'We needed that': White Sox hang on for hard-fought win
OAKLAND -- As Jace Peterson’s line drive sailed into right field at 101.5 miles an hour, White Sox right fielder Clint Frazier changed direction twice trying to track down the ball. He finally had to drop to a knee to catch the final out of Sunday afternoon’s 8-7 victory over the A’s at the Oakland Coliseum a split second before it would have hit the ground.
The White Sox were fortunate that the A’s ran out of outs. The way the game was trending, with an exhausted bullpen teetering after the offense built an 8-3 lead, Chicago very well could have been swept by a team that might challenge the 1962 Mets’ all-time record of 120 losses in a season and gone home after what would have been a 2-5 trip.
Then again, there are no bad wins in Major League Baseball.
“Never a dull moment,” manager Pedro Grifol said with an expression that conveyed relief more than celebration.
“There’s a reason things happen like this. Today we needed every single run, every single at-bat, every single pitch to get this one. Hopefully down the road, they can become a little easier, but I’m not expecting them to.”
There were many ways to view the White Sox 3-4 trip through Anaheim and Oakland. On one hand, they blew chances to win at least two of the games they dropped. On the other, an offense that has sputtered too many times this season seemed to find something. Over the final five games of the trip, Chicago scored 38 runs on 58 hits -- including 13 doubles and seven home runs -- and 26 walks.
And yet, the White Sox were in danger of losing three of those five games until Frazier fought the elements and caught the final out one batter after he stumbled while charging a Seth Brown liner that should have been the final out. Instead, he had to play it on a hop for a single that brought JJ Bleday home as the A's seventh run.
“We needed that one today. I’m glad we got the job done,” said third baseman Jake Burger, whose seventh-inning homer to straightaway center seemed like extra icing in a game the White Sox were leading 7-3. It wound up the decisive run.
Burger was in a 6-for-57 slump after Saturday’s game and, proving ballplayers will search anywhere for help, sent his wife Ashlyn video to see if she could notice anything. She responded with some hand-drawn diagrams that showed he was standing a bit too upright over the past couple of weeks.
“She was really proud of it,” Burger said. “I’ve got to give her some credit.”
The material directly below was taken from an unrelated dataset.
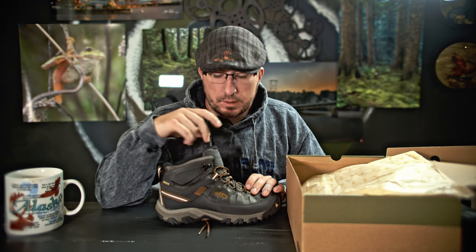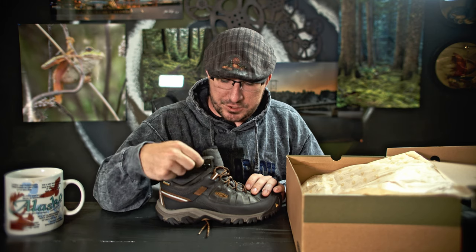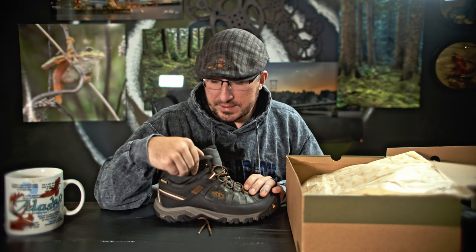Another thing they improved, I think, is the ankle support. I'm not sure if this was standard or not in the previous model — I recall they had more than one option where you could choose no ankle support or some ankle support. This might just be standard now.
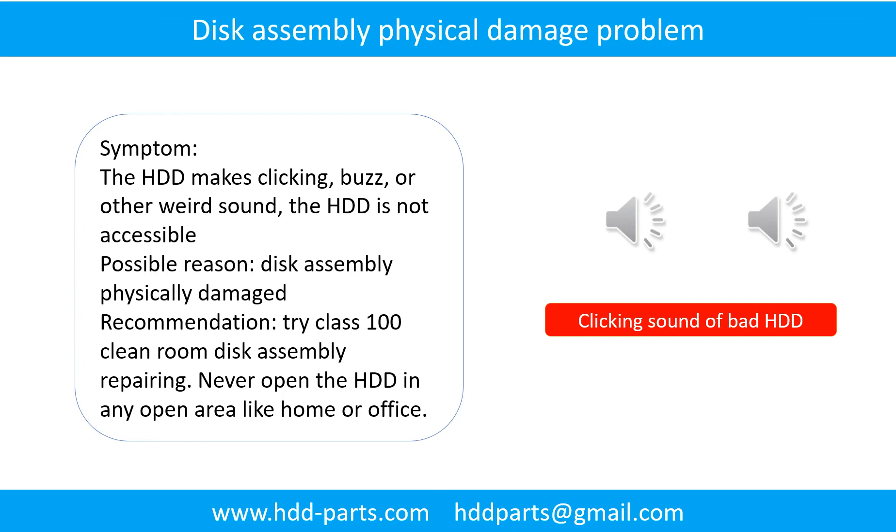Disk assembly physical damage problem. Symptom: the hard drive makes clicking, buzzing, or other weird sounds, and the hard drive is not accessible by any computer. Possible reason: disk assembly physically damaged. Recommendation: try Class 100 clean room disk assembly repairing. Do not open the hard drive in any open area like home or office.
Burger walked during Chicago’s five-run third inning against Oakland starter Paul Blackburn. Catcher Seby Zavala drew a leadoff walk. An Andrew Benintendi single and Tim Anderson sacrifice fly produced the game’s first run. A passed ball and an Eloy Jiménez single made it 2-0. After Burger’s walk, the White Sox added a run when Blackburn hit Gavin Sheets on the foot with the bases loaded, and two more on Zach Remillard’s single.
The white-hot Jiménez left the game after seven innings with an ailment that Grifol would not describe, only saying he was not overly concerned.
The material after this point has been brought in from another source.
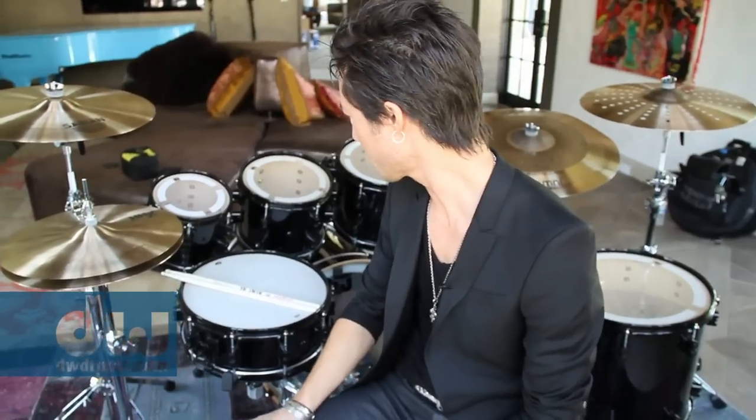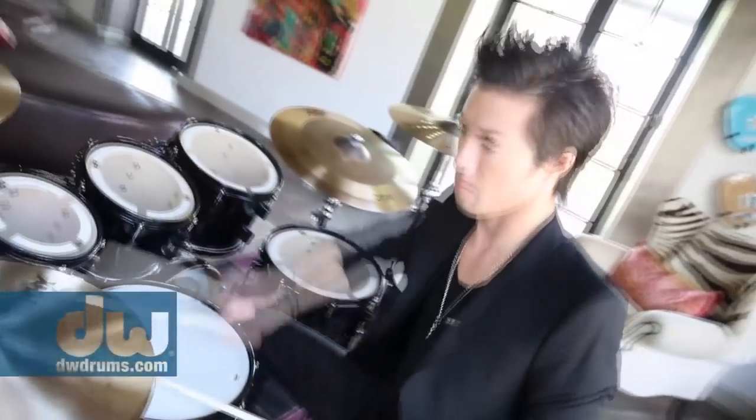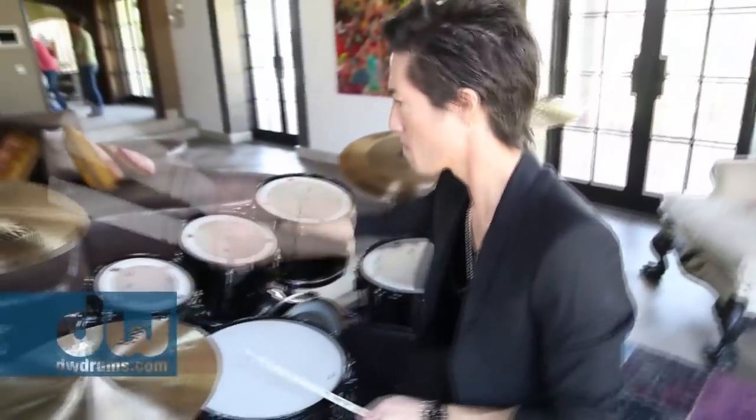It comes in an array of colors and what's fascinating is it also has a ton of sizes. It comes in packages but you can get add-ons if you want a different size tom or different size kick. So it's about as customized as you can get a drum set at this level. They'll come in maple or birch. This is a maple kit.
Touki Toussaint, making his first start for Chicago, lost his control and gave two runs back in the bottom of the inning, but he stranded the bases loaded on a tough Peterson one-hopper that Anderson dropped down to get before throwing to first. Newly minted All-Star Luis Robert Jr. prevented a bigger inning with a tremendous throw to nail Tyler Wade, who was trying to go first to third on Tony Kemp’s RBI single.
The bullpen bent, allowing five runs over 5 1/3 innings, but did not snap. Despite the numbers, Grifol considered the relievers’ effort a plus given how few of them he had at his disposal.
“Every pitcher we had available, including the one who was in transit, pitched today,” Grifol said, referring to newcomer Bryan Shaw, who flew cross-country Sunday after he was summoned from Triple-A. Shaw allowed a two-run homer in the eighth to Brent Rooker, who was named Oakland’s lone All-Star earlier in the day.
At one point, starter Lucas Giolito was warming in the 'pen. Grifol said it was meant as his normal between-starts throwing session, but the coaches asked him to do it during the game in case they needed him to pitch in an emergency.
Giolito was not one of the five pitchers Grifol used. The fifth was Gregory Santos, who was credited with his first big league save despite allowing the two runs.